Arguments that purine-loading is specific for the loops of RNA-synonymous strands of genes whose transcripts function by virtue of their secondary structure (i.e. rRNAs, not mRNAs) need to take into account, as controls, the loop regions of mRNA-synonymous strands. Entire genes, or entire genomes where gene orientation is not considered, are not appropriate controls.

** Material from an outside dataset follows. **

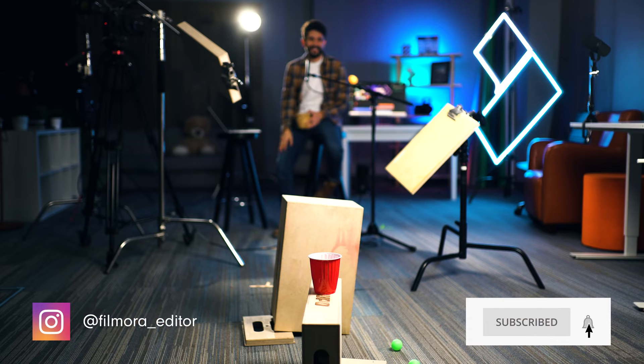So what do you think? Which other tools do you use to be a faster editor? If you don't mind, leave your comments below to help our community become better editors with Filmora 13. Don't forget to like and subscribe.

In addition to his widely recognized first parity rule (A/T and G/C ratios are close to one in duplex DNA), Chargaff noted other regularities in base composition (GC% rule, cluster rule, second parity rule), and Szybalski related base composition to transcription direction (reviewed in Forsdyke and Mortimer 2000 and in Forsdyke 2001). We show here that, despite a rich literature, bioinformaticists may today be making observations that could have been deduced from first principles. Furthermore, inappropriate comparisons can sometimes lead to incorrect interpretations of data.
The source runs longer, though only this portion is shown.